Published on Monday, 26 November 2012 06:20
China-backed copper mines in central Myanmar. (Photo-EMG)
Parliament approved on November 23 the formation of an independent commission to assess the social and environmental impacts of China-backed copper mines in central Myanmar.
A parliamentary representative of the National League for Democracy Party submitted the proposal to review the social and environmental impact and on national interest of the copper mines.
According to figures presented to Parliament by MP Khin San Hlaing, the survey made with the assistance of the Japanese government between 1972 and 1974 showed that two copper mines, namely Sabetaung and Sabetaung South, had 94 million tonnes of copper ore deposits.

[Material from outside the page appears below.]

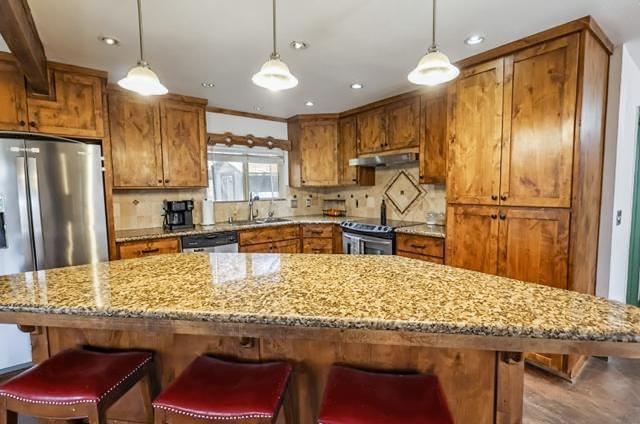 14788 Blue Oak Ln, Prather, CA 93651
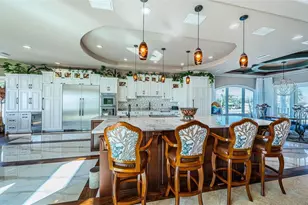 15912 Gulf Blvd, Redington Beach, FL 33708 - Photo 32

The Myanmar Ivanhoe Copper Company Ltd (MICCL) in 2007 estimated that Lapataungtaung copper deposits were possibly 1,478 tonnes of copper ore.
The MP said: “Local farmers are now faced with the prospect of having to abandon their land after receiving compensation for the loss of three crop harvests, lose their livelihood, harm their traditional lifestyles and risk damage to their health because of the copper extraction and purification processes.”
Commercial copper production by MICCL started in 1996 after the signing of a “Production Sharing Contract” between the company and the Ministry of Mines with 50 per cent stake for each in the joint venture.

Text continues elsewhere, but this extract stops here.